With the GAC, making demands on ICANN is de rigueur, asking a fellow government to lift even a little finger to help the Internet, or prevent abuses, is beyond the pale. An insult to their sovereignty, it seems. Notice that the famous GAC principles, in all their permutations, never once require the slightest good behavior on the part of governments. They are not even required to engage a ccTLD operator in dialog -- they simply have the right to do so. When it comes to state actors, the GAC will always be very good at enumerating rights, and absolutely silent when it comes to discussing responsibilities. One state simply cannot bind another state to any action whatsoever. I suppose this arrangement is useful for preventing wars, but it is frustrating when dealing with Internet issues. Antony On Aug 2, 2010, at 10:39 AM, Elisabeth Porteneuve wrote:
----- Original Message ----- From: "Roberto Gaetano" <roberto@icann.org> Sent: Monday, August 02, 2010 1:43 PM
...
However, as I have tried to explain to the GAC in many occasions when I was on the Board, we need to have a mechanism by which the global community is not impacted by a possible misbehaviour of a ccTLD. The example I often make is the wildcard, that was stopped in .com because Verisign had a contract with ICANN, and that was not stopped in .cm, because this was not the case. The wildcard is just one example. We should not forget that potentially more problems will come with IDNs, and to have "global" IDN-TLDs run under a different regime and set of rules then the "simil-cc" (fast track or not) IDN-TLDs is a serious risk.
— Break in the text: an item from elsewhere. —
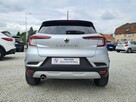 Renault Captur Automat Navi 2xPDC Kamera Wolne Ręce Klimatronik Full Led Serwisowany - 6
IMHO, ALAC should demand that user protection is guaranteed against misbehaviour by operators not under contract with ICANN. Cheers, Roberto
That is extremelly important..
While I like very much the general idea "ALAC should demand that user protection is guaranteed against misbehaviour by operators not under contract with ICANN", I do not see how practicaly this could be achieved with less than an international treaty, and a general strong support from everywhere. Why do we have so many difficulties to preserve whatever remains from the network neutrality? Because good and bad boys might want use similar techniques? Why GAC people did not listen neither do anything?